In case the notification ID happens to assume the exact value of 0, it will trigger this function which in turn proceeds to relaunch the exit animation (the green/red bricks). This cycle keeps repeating and ultimately results in the glitch that causes the game to crash.

If the notification ID happens to be any value other than 0, the glitch would not occur. Since the variable is uninitialized, it results in undefined behavior and depending on the pseudo-random value of the variable, the game will either work as expected or result in the glitch.

Brick by Brick

Over the course of 2024, the decompilation of LEGO Island continued and much progress has been achieved in a remarkable amount of time. Many smaller and bigger milestones along the way, such as reaching the Infocenter, rendering the island or the Infomaniac, correctly working NPC animations, all the way to the missions and the main storyline of the game have been reached and celebrated - “brick by brick”.

Here are a few impressions I’ve recorded.
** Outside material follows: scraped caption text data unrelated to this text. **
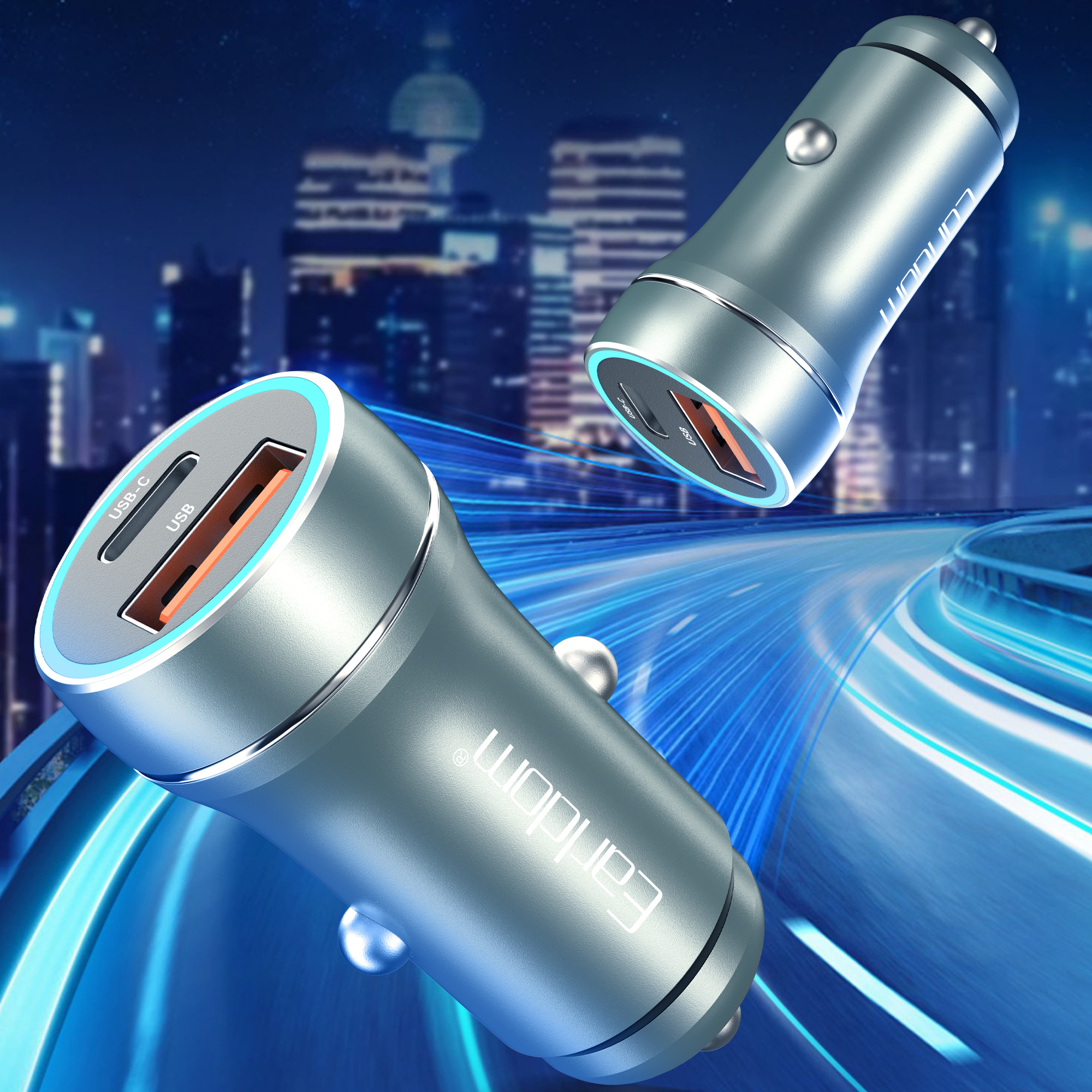 Зарядно устройство за кола Earldom ES-CC29, 30W, USB QC3.0, PD, С Lightning - PD кабел, Сребрист - 40352 D-40352 6 Зарядно устройство за кола Earldom ES-CC29, 30W, USB QC3.0, PD, С Lightning - PD кабел, Сребрист - 40352 - Image 4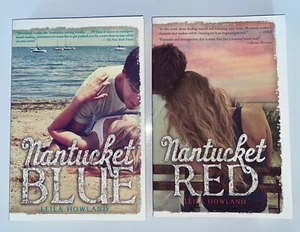 Set of Two Paperback Books NANTUCKET BLUE & NANTUCKET RED By Leila Howland - Imagen 1 de 8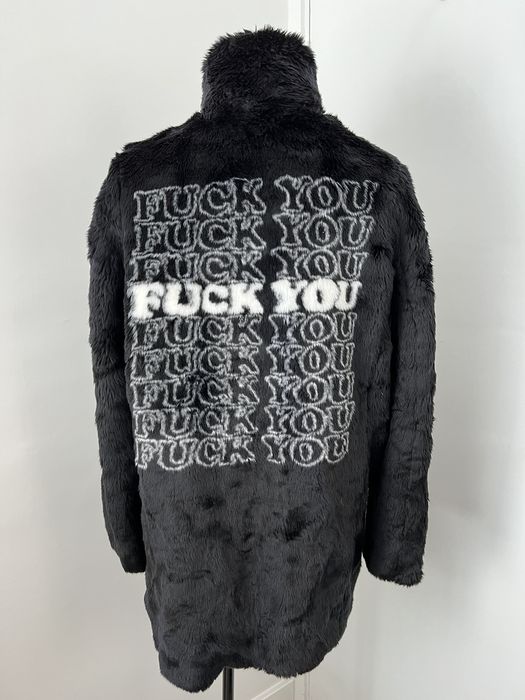 Supreme Supreme Hysteric Glamour Fuck You Faux Fur Coat | Grailed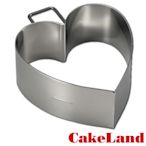【日本CakeLand】日本麵包蛋糕不銹鋼深型煎烤模-心型-日本製 (NO-1696)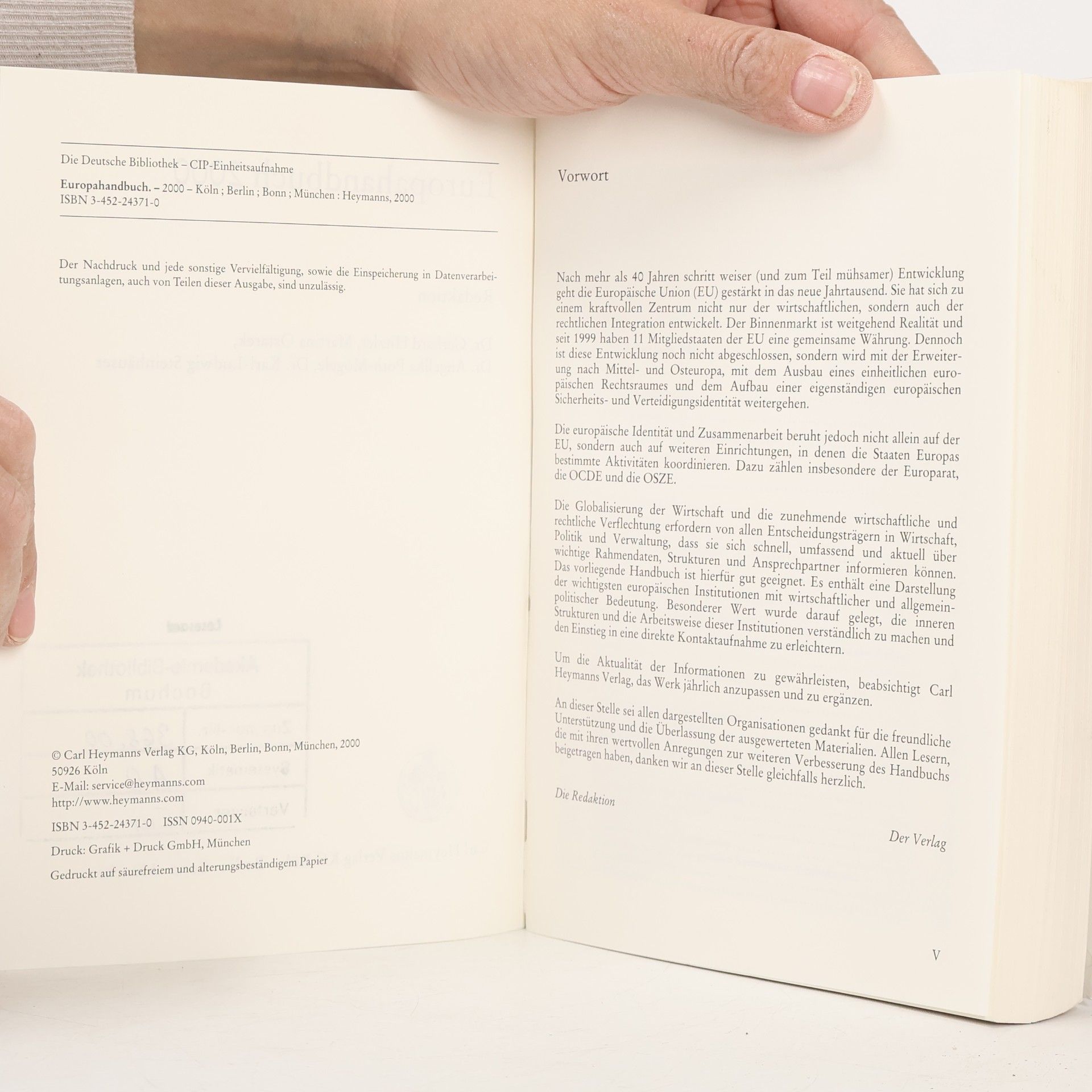 Johannes Dietlein Europahandbuch 2000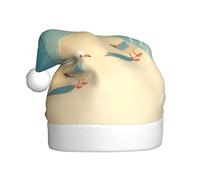 Birds And The Sea Adult Holiday Hat – Festive Party Hat With Plush Piping And Pom-Pom, Durable Print Design, Perfect For Christmas, New Year'S, Halloween, And More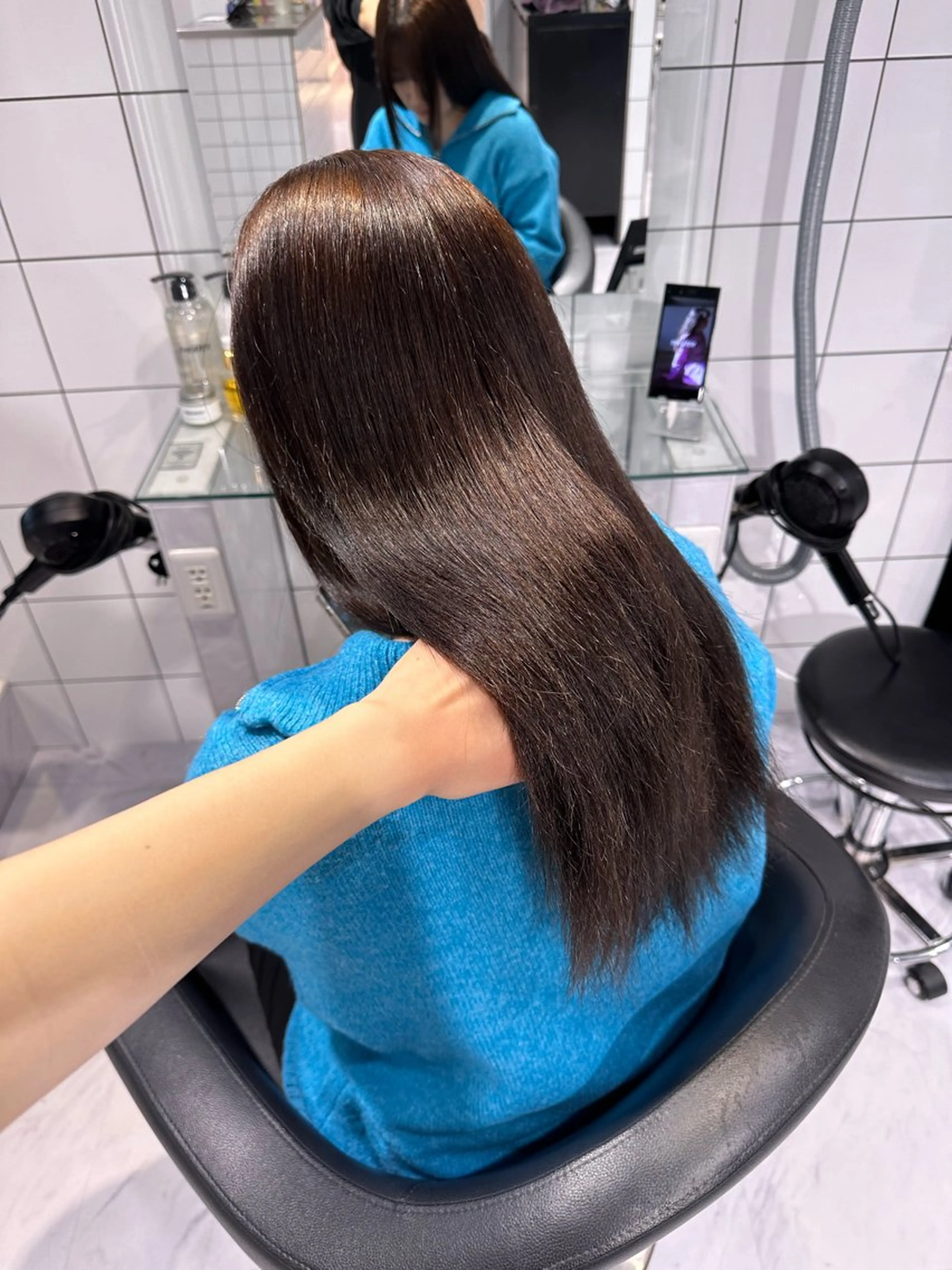 セミロング junna‎🤍調布 まつ毛/眉 激安のマツエク・マツパデザイン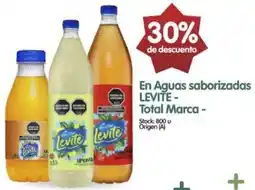 Supermercados Buenos Días Levite en aguas saborizadas total marca oferta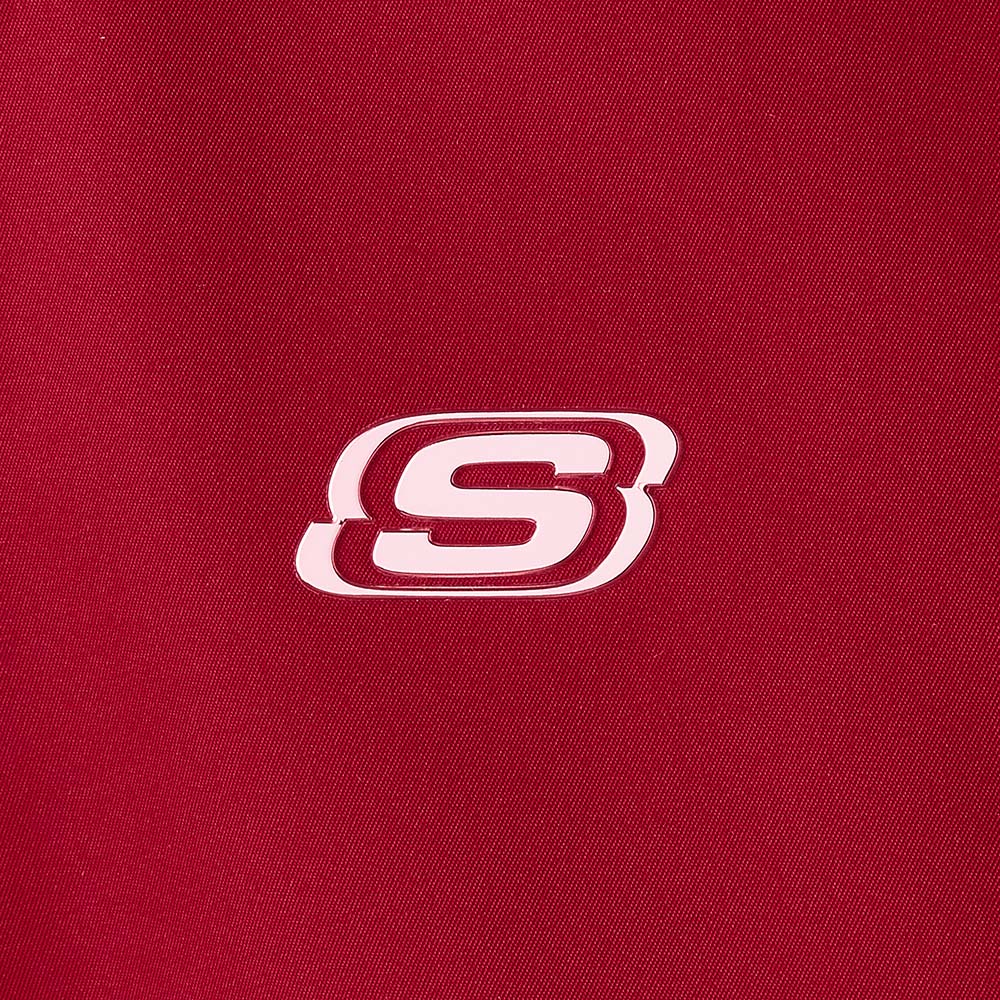Skechers unisex CNY Woven Quilted Jacket in Savvy Red for lifestyle wear
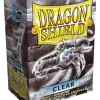 Kortlommer^Classic Clear Standard Size Dragon Shield Sleeves (100)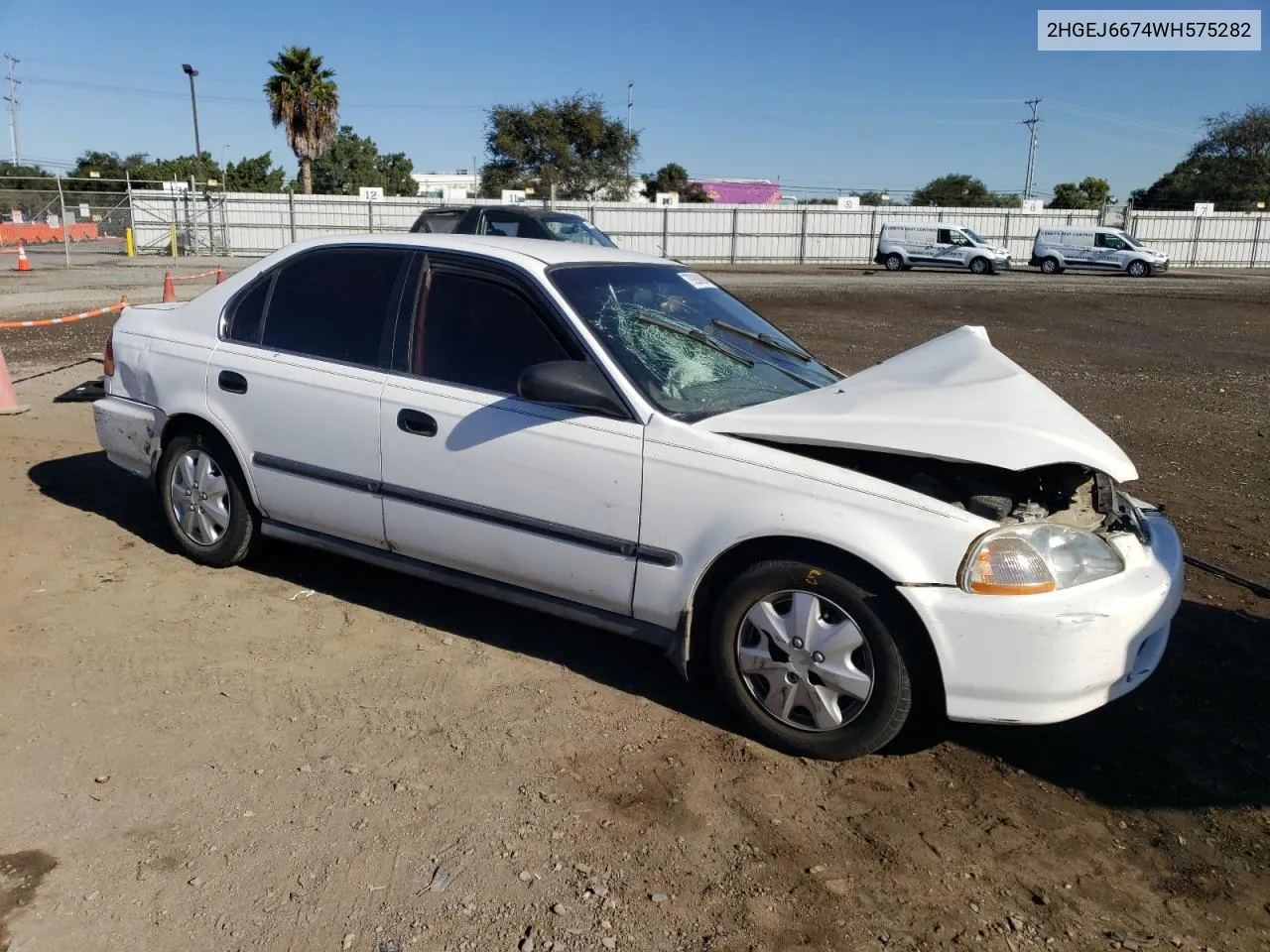 1998 Honda Civic Lx VIN: 2HGEJ6674WH575282 Lot: 79288094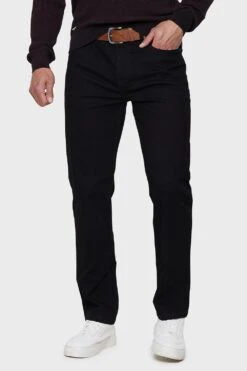 Threadbare Rainford' Belted Straight Fit Jeans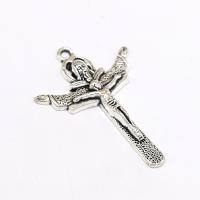 Zinc Alloy Cross Pendants plated fashion jewelry & DIY nickel lead & cadmium free Sold By PC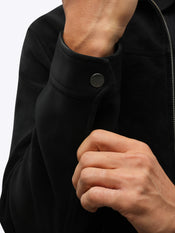 Grand Harrington Jacket | Black Classic-Fit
December 23, 2024: 100% implemented

Finally, on December 23, 2024, we have reached the biggest milestone of all (to this date): LEGO Island has been fully decompiled in terms of functionality. This would not have been possible without all the countless hours we have invested together as a team to see this project through.

However, work is still ongoing to improve the accuracy, naming, documentation, and structure of the source code. While there may still be unresolved bugs that are not present in retail, the game should be fully playable with the binaries derived from the source code.

ISLE.EXE at 100% LEGO1.DLL at 100%

Final thoughts and beyond

A major step towards my vision of bringing LEGO Island to the browser has been taken, and I couldn’t be happier and more grateful to all the contributors that have supported the project until now.

At this point I want to take a moment to thank my wife for her unwavering support throughout this journey. Over the past 18 months, I’ve poured nearly all of my free time into this project - while balancing a full-time job as a software engineer, relocating to a new country, getting married, welcoming a newborn, buying a house, and starting a new job. It’s been a whirlwind of change and challenges, and none of it would have been possible without her sacrifices, encouragement, and belief in me.

Lastly, thanks to everyone involved in the development of LEGO Island back in the day. You have truly created something marvelous of lasting value. The dedication displayed by all of the contributors of this project is testament to that.

Of course, this journey isn’t over quite yet: now that we have fully functional source code for LEGO Island, it is time to make it platform independent, and eventually port it to the web. A follow-up project has already been launched and is in full steam. Stay excited for the next chapter!